About this task: Extract each line of the material that follows exactly and omit its pictures.

Input data:

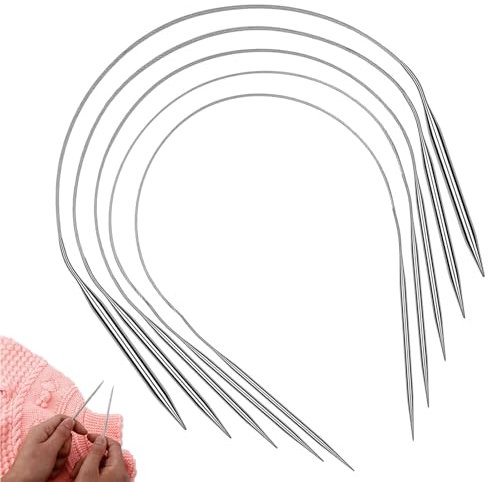 Rundstricknadeln Stricknadeln Set Edelstahl 43cm 5 Stück, Stricknadeln Anfänger Set mit 5 Größe 2,5/3,5/4,5/5,5/7mm, Häkelnadeln Garnnadeln, für Mützen, Socken, Handschuhen, Ärmel & Klein Projekte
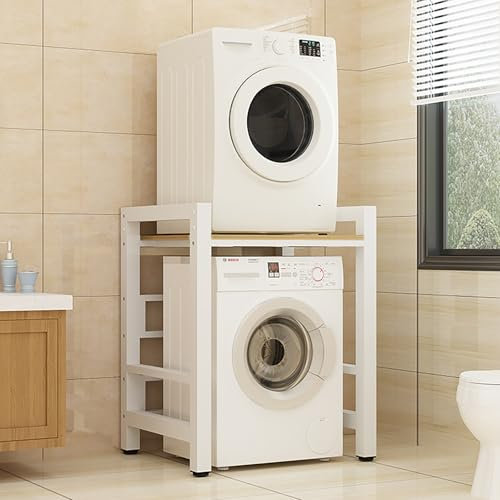 Soporte Lavadora Secadora Exterior,Unidad De Almacenamiento De Máquina Sobre Lavadora,Armario Lavadora Y Secadora Vertical,Mueble Lavadora,Ajustable En Altura De 3 Niveles,Para Lavandería, Baño(White/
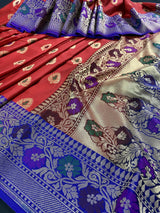 Deep Red with Blue Banarasi saree in banarasi silk with meenakari work with grand pallu — Kaash Collection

Response to this exercise:
 Rundstricknadeln Stricknadeln Set Edelstahl 43cm 5 Stück, Stricknadeln Anfänger Set mit 5 Größe 2,5/3,5/4,5/5,5/7mm, Häkelnadeln Garnnadeln, für Mützen, Socken, Handschuhen, Ärmel & Klein Projekte
 Soporte Lavadora Secadora Exterior,Unidad De Almacenamiento De Máquina Sobre Lavadora,Armario Lavadora Y Secadora Vertical,Mueble Lavadora,Ajustable En Altura De 3 Niveles,Para Lavandería, Baño(White/
 Deep Red with Blue Banarasi saree in banarasi silk with meenakari work with grand pallu — Kaash Collection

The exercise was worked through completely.